Speaker 8 And like, don't worry, I don't go around being like, you know, that's bullshit.
Speaker 2 Like when I pick my daughter up from second grade instead of the other children, don't worry. Ms.
Speaker 2 Sagana, we're actually going to have to ask you to please stop disseminating the power of pure information to the children. Okay.
Speaker 8 She's going to have to start taking the bus home if you insist on showing up at pick up.

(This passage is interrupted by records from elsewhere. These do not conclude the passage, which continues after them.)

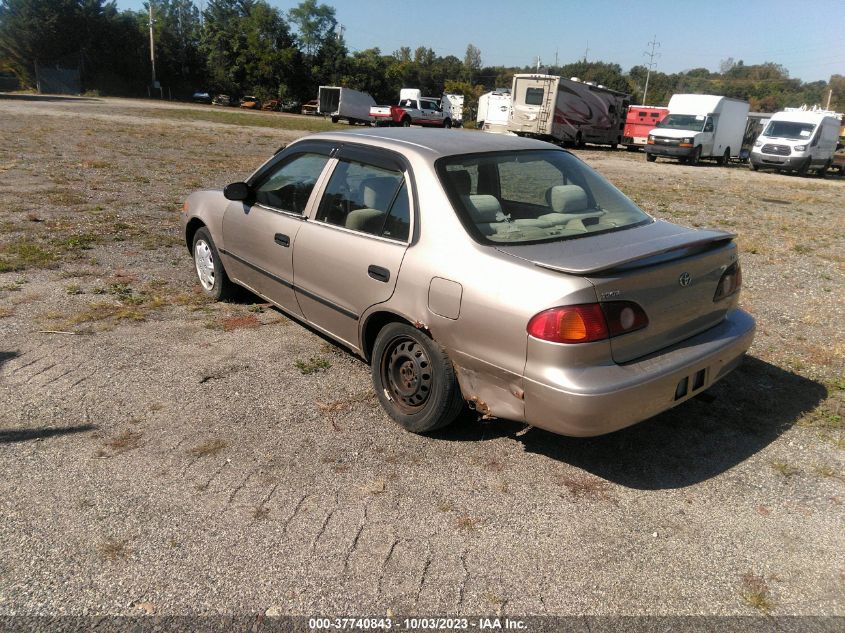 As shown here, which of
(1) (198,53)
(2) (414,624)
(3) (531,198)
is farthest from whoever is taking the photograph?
(1) (198,53)

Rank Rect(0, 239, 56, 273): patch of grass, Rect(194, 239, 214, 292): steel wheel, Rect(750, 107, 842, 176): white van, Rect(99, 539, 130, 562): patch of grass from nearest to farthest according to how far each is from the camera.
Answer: Rect(99, 539, 130, 562): patch of grass, Rect(194, 239, 214, 292): steel wheel, Rect(0, 239, 56, 273): patch of grass, Rect(750, 107, 842, 176): white van

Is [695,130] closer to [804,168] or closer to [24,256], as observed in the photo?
[804,168]

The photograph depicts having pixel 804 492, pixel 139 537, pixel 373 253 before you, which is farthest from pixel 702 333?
pixel 139 537

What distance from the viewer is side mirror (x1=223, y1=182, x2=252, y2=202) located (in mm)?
4938

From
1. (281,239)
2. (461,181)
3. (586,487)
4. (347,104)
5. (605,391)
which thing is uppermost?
(347,104)

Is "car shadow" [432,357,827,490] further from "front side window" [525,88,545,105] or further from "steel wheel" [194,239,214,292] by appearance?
"front side window" [525,88,545,105]

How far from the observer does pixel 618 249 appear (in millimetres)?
3268

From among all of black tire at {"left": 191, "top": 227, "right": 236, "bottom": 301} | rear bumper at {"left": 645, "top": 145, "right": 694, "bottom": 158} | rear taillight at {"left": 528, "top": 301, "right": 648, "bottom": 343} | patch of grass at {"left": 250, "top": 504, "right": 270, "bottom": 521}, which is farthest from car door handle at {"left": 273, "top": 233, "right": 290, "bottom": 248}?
rear bumper at {"left": 645, "top": 145, "right": 694, "bottom": 158}

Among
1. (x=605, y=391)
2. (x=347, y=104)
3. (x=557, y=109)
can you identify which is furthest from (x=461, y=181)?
(x=347, y=104)

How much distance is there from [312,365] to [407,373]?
1.13 m

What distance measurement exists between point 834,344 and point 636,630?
13.3 ft

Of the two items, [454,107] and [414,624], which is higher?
[454,107]

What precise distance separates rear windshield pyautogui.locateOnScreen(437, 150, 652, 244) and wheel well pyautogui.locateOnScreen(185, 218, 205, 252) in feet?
9.92

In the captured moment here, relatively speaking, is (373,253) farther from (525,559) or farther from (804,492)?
(804,492) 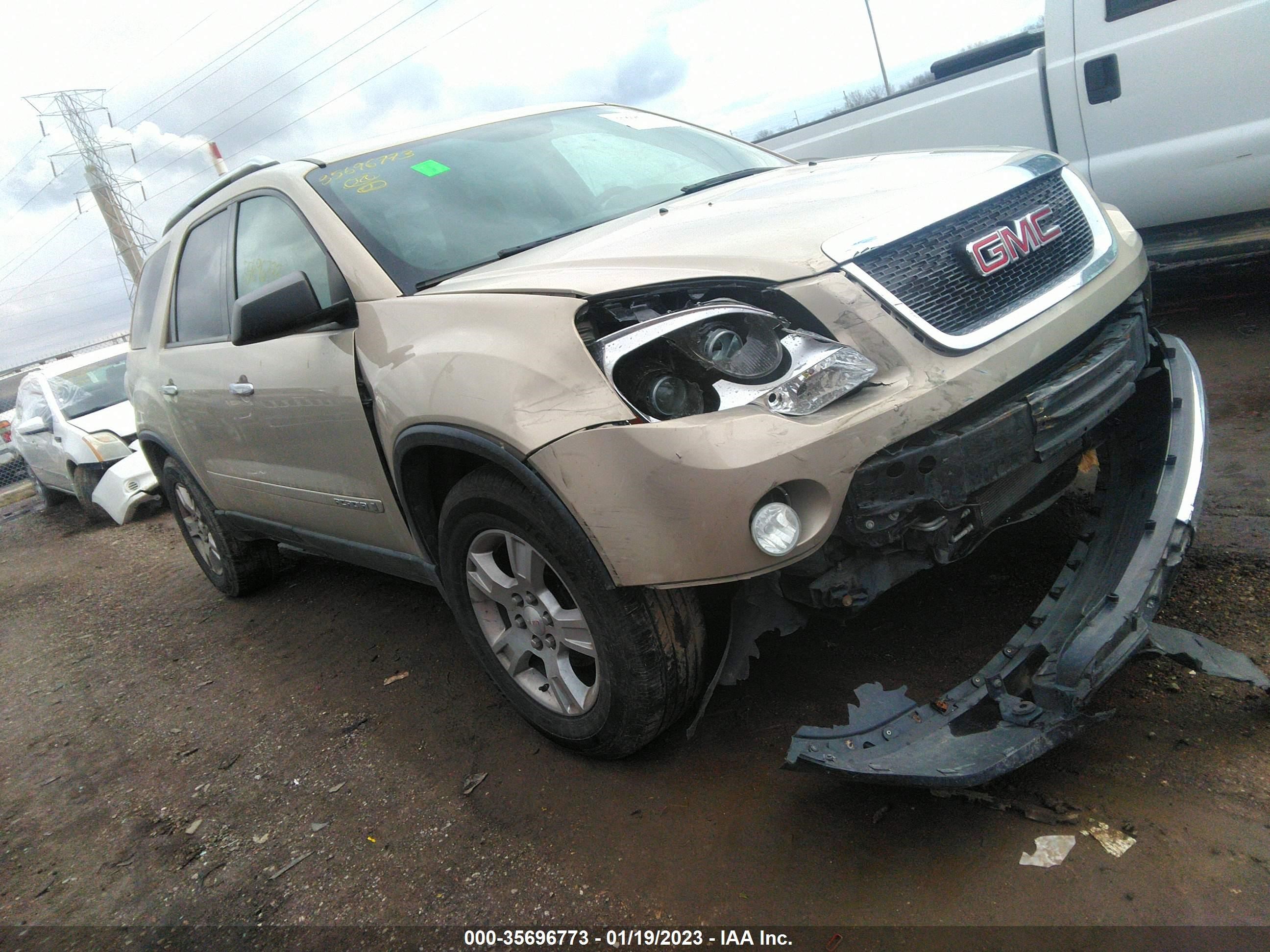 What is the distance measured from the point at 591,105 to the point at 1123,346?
2.48 m

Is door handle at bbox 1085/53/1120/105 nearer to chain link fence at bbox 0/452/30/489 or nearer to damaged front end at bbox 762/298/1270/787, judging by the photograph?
damaged front end at bbox 762/298/1270/787

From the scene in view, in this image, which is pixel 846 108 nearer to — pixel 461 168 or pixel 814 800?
pixel 461 168

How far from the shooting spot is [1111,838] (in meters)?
1.99

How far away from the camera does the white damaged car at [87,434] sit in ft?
28.1

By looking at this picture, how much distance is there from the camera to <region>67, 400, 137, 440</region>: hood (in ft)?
29.9

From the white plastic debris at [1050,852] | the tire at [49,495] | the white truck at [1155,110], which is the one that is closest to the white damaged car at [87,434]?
the tire at [49,495]

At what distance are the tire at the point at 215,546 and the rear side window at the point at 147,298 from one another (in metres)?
0.69

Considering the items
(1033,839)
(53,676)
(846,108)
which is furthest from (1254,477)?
(53,676)

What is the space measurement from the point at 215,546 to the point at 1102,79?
5.57 m

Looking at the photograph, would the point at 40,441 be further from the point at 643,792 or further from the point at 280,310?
the point at 643,792

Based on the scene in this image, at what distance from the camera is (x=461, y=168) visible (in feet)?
10.6

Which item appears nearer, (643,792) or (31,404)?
(643,792)

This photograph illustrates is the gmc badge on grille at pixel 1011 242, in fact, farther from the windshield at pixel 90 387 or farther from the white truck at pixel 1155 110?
the windshield at pixel 90 387

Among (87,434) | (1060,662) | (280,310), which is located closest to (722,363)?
(1060,662) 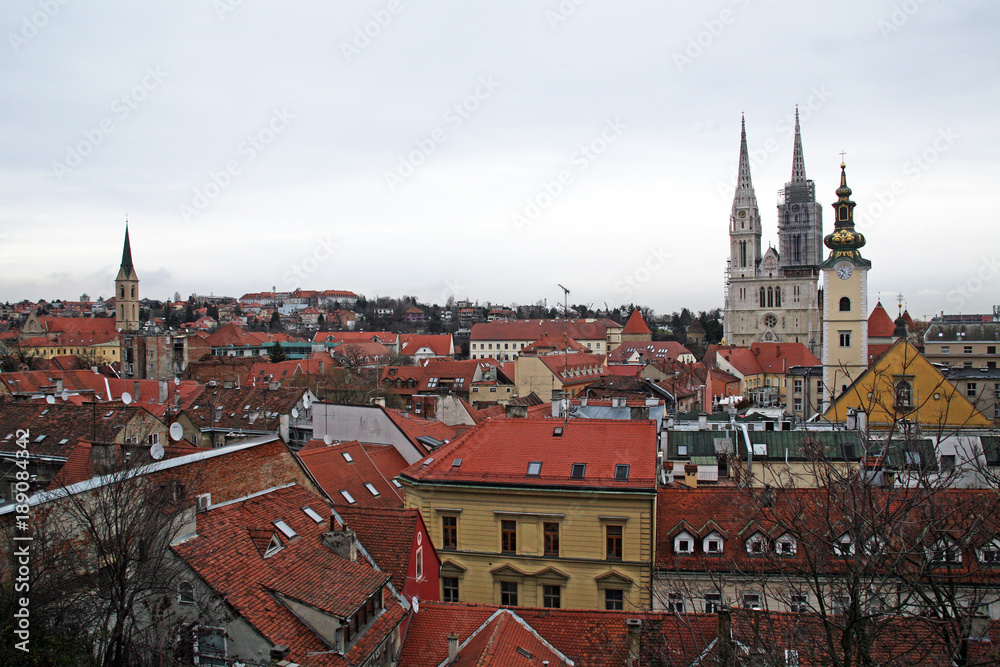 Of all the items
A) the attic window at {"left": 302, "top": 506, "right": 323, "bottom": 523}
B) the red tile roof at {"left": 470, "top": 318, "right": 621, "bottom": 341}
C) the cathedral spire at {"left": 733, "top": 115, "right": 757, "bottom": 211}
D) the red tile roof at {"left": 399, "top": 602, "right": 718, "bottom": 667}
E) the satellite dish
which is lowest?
the red tile roof at {"left": 399, "top": 602, "right": 718, "bottom": 667}

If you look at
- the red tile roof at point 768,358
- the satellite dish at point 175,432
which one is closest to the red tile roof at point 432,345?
the red tile roof at point 768,358

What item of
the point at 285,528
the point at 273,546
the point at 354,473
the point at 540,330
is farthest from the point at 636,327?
the point at 273,546

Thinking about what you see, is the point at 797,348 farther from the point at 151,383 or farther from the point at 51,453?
the point at 51,453

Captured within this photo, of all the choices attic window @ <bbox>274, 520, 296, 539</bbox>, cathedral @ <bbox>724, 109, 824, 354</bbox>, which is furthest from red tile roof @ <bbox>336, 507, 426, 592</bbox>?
cathedral @ <bbox>724, 109, 824, 354</bbox>

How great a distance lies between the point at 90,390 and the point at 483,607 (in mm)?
39920

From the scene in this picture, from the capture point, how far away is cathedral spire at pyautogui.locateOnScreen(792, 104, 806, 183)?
11962 cm

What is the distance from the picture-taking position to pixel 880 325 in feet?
253

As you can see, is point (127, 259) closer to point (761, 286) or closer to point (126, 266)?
point (126, 266)

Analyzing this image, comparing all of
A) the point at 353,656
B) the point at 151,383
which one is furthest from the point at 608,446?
the point at 151,383

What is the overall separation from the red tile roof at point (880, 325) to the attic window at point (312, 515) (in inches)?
A: 2951

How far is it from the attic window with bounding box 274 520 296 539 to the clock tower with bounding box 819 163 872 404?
1706 inches

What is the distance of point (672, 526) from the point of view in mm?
18969

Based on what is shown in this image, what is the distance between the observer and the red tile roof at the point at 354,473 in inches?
832

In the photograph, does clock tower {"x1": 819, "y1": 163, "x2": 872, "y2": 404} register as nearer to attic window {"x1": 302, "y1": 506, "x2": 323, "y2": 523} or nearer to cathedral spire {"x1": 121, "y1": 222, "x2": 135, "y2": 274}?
attic window {"x1": 302, "y1": 506, "x2": 323, "y2": 523} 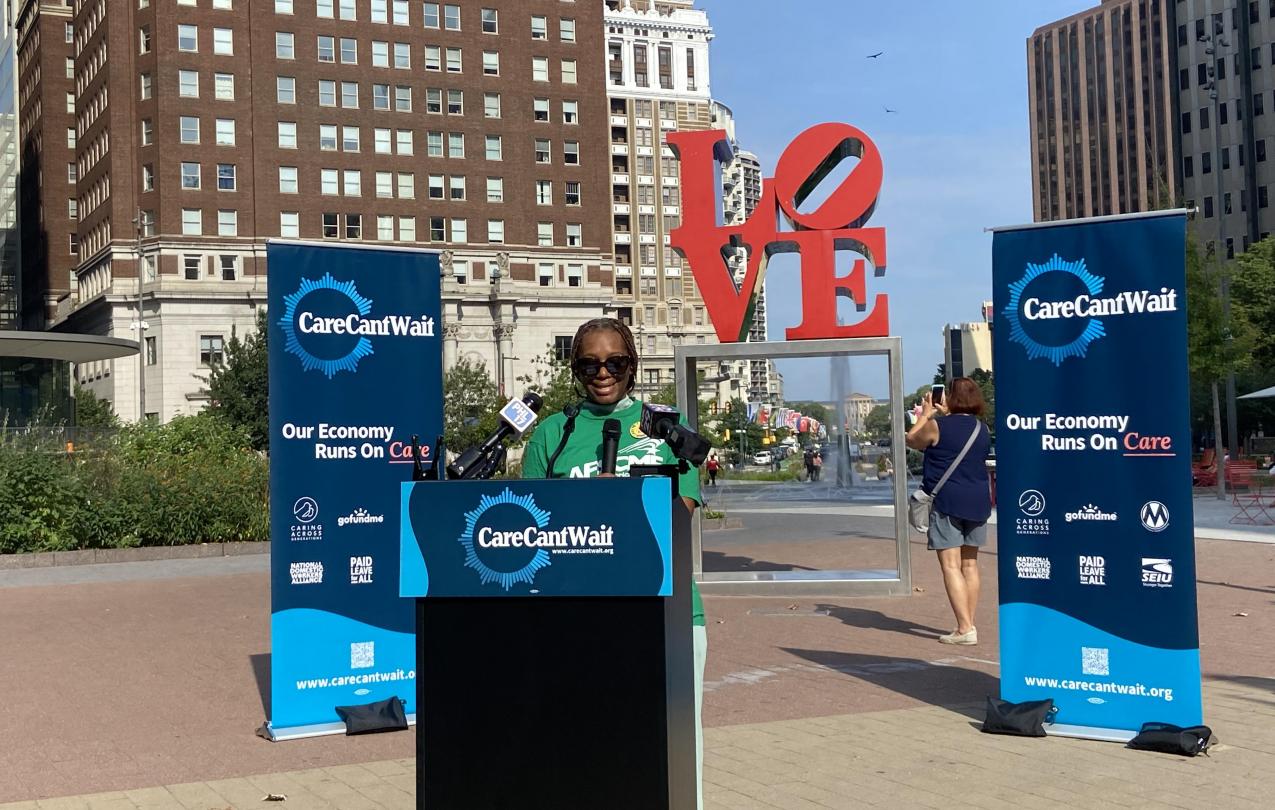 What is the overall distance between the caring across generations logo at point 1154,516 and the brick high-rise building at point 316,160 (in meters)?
70.1

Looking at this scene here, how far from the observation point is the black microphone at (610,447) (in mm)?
3619

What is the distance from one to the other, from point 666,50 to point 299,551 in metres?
130

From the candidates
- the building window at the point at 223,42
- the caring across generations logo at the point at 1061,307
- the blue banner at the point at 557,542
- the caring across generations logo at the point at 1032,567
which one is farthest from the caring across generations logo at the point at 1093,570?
the building window at the point at 223,42

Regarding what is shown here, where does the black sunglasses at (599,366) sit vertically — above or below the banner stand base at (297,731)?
above

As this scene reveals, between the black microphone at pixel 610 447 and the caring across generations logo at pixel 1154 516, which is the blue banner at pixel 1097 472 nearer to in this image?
the caring across generations logo at pixel 1154 516

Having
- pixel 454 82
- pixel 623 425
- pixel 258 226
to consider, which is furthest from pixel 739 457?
pixel 454 82

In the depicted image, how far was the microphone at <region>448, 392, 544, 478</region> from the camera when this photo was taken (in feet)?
12.5

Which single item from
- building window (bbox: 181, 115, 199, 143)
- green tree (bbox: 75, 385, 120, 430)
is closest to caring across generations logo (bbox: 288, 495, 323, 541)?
green tree (bbox: 75, 385, 120, 430)

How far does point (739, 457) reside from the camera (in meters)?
20.4

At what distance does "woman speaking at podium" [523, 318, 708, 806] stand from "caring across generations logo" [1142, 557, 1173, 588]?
137 inches

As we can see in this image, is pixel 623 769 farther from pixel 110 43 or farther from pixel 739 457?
pixel 110 43

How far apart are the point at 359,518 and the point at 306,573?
0.43m

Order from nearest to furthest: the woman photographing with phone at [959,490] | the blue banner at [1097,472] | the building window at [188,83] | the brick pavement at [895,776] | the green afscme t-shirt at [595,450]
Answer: the green afscme t-shirt at [595,450] < the brick pavement at [895,776] < the blue banner at [1097,472] < the woman photographing with phone at [959,490] < the building window at [188,83]

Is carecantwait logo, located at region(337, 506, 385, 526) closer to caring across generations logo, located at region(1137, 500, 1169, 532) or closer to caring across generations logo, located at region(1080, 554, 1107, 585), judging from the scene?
caring across generations logo, located at region(1080, 554, 1107, 585) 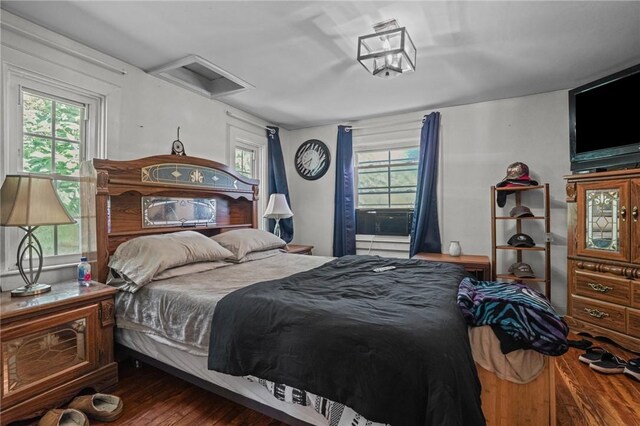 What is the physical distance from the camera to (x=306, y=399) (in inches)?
57.1

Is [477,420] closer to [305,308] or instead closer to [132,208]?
[305,308]

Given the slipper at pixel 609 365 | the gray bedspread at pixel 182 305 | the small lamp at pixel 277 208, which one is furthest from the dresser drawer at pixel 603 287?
the small lamp at pixel 277 208

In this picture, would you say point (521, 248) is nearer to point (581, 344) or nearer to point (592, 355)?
point (581, 344)

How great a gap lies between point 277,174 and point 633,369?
3922mm

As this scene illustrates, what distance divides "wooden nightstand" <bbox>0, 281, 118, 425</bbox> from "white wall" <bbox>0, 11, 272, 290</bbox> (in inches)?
22.1

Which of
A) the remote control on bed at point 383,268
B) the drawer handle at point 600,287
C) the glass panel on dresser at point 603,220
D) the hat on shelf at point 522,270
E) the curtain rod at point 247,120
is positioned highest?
the curtain rod at point 247,120

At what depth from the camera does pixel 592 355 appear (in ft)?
7.89

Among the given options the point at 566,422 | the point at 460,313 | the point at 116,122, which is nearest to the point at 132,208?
the point at 116,122

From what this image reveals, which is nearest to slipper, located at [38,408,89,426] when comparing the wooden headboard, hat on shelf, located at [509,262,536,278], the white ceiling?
the wooden headboard

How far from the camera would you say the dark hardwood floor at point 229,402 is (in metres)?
1.72

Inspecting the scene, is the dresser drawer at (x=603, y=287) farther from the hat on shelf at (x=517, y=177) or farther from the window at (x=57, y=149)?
the window at (x=57, y=149)

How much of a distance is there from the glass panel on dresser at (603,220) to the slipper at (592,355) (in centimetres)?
86

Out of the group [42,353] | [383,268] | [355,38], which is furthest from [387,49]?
[42,353]

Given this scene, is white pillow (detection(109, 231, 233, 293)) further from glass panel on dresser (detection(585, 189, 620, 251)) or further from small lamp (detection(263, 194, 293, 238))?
glass panel on dresser (detection(585, 189, 620, 251)) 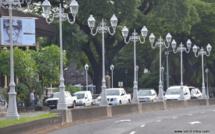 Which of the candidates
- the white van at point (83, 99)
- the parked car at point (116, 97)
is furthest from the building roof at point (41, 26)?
the parked car at point (116, 97)

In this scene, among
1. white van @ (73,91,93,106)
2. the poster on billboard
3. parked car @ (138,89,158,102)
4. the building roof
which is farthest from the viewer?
the building roof

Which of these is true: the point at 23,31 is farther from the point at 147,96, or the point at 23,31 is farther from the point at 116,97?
the point at 147,96

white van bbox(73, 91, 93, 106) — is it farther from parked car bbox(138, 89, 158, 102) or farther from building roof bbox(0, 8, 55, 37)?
building roof bbox(0, 8, 55, 37)

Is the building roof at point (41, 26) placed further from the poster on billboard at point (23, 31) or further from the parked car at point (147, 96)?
the parked car at point (147, 96)

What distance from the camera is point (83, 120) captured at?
3312 cm

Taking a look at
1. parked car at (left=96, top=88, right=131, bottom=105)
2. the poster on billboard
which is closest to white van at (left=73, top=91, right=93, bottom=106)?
parked car at (left=96, top=88, right=131, bottom=105)

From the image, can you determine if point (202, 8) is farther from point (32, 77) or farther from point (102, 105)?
point (102, 105)

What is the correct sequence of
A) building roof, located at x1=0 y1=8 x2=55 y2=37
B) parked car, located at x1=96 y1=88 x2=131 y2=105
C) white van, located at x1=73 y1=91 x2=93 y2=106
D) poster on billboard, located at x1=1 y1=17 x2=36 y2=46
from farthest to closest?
building roof, located at x1=0 y1=8 x2=55 y2=37
white van, located at x1=73 y1=91 x2=93 y2=106
poster on billboard, located at x1=1 y1=17 x2=36 y2=46
parked car, located at x1=96 y1=88 x2=131 y2=105

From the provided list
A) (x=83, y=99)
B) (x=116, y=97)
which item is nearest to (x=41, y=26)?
(x=83, y=99)

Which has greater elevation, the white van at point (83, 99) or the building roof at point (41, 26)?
the building roof at point (41, 26)

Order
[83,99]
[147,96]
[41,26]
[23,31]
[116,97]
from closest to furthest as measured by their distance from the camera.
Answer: [116,97] < [23,31] < [83,99] < [147,96] < [41,26]

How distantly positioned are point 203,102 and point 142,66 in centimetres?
4715

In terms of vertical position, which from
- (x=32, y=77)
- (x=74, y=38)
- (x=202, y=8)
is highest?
(x=202, y=8)

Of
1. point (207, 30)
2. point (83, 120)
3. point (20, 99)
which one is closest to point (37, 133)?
point (83, 120) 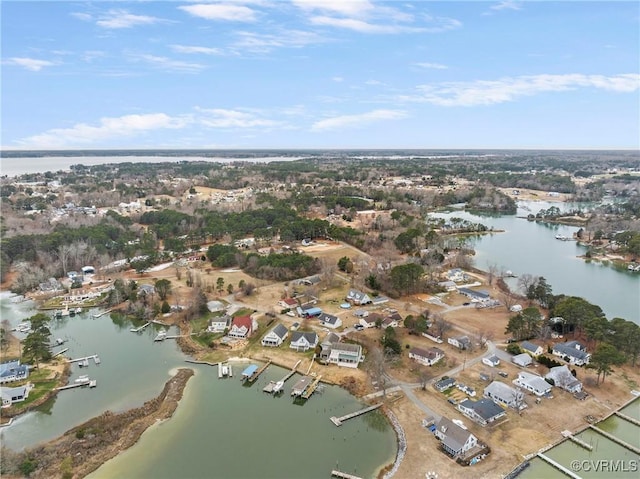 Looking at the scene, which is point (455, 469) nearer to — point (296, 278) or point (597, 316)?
point (597, 316)

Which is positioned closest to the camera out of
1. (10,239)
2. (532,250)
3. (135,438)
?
(135,438)

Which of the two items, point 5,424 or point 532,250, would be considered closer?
point 5,424

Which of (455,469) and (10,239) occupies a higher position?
(10,239)

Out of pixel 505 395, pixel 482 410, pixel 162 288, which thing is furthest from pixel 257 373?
pixel 162 288

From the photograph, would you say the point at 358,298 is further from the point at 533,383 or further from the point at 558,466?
the point at 558,466

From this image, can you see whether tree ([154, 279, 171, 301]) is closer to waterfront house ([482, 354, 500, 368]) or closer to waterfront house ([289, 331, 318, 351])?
waterfront house ([289, 331, 318, 351])

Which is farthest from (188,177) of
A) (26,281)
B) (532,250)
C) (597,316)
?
(597,316) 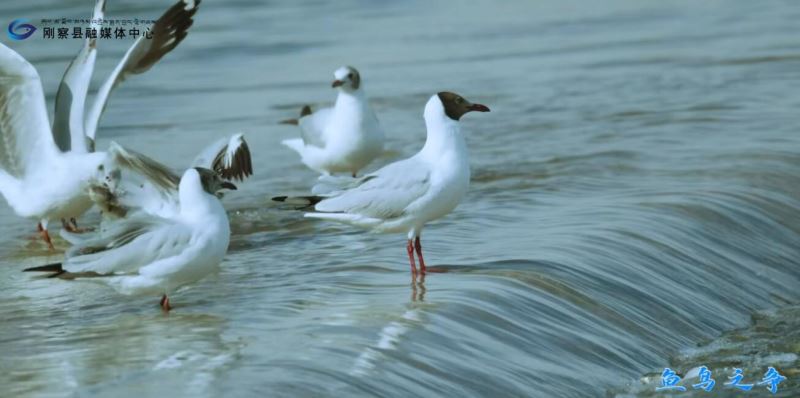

Speaker 2 So what do you tell her?
Speaker 7 What do you, do you say that Santa isn't real, but keep the lie going for your classmates?
Speaker 8 No, I say that everyone eventually finds out. I'm not going to ever lie to you, but it's not for us to tell other children because their parents have a plan for when they're going to find out.
Speaker 8 And, you know, what's funny though, is there's another fictional character who I did kind of, I mean, luckily my daughter's really skeptical.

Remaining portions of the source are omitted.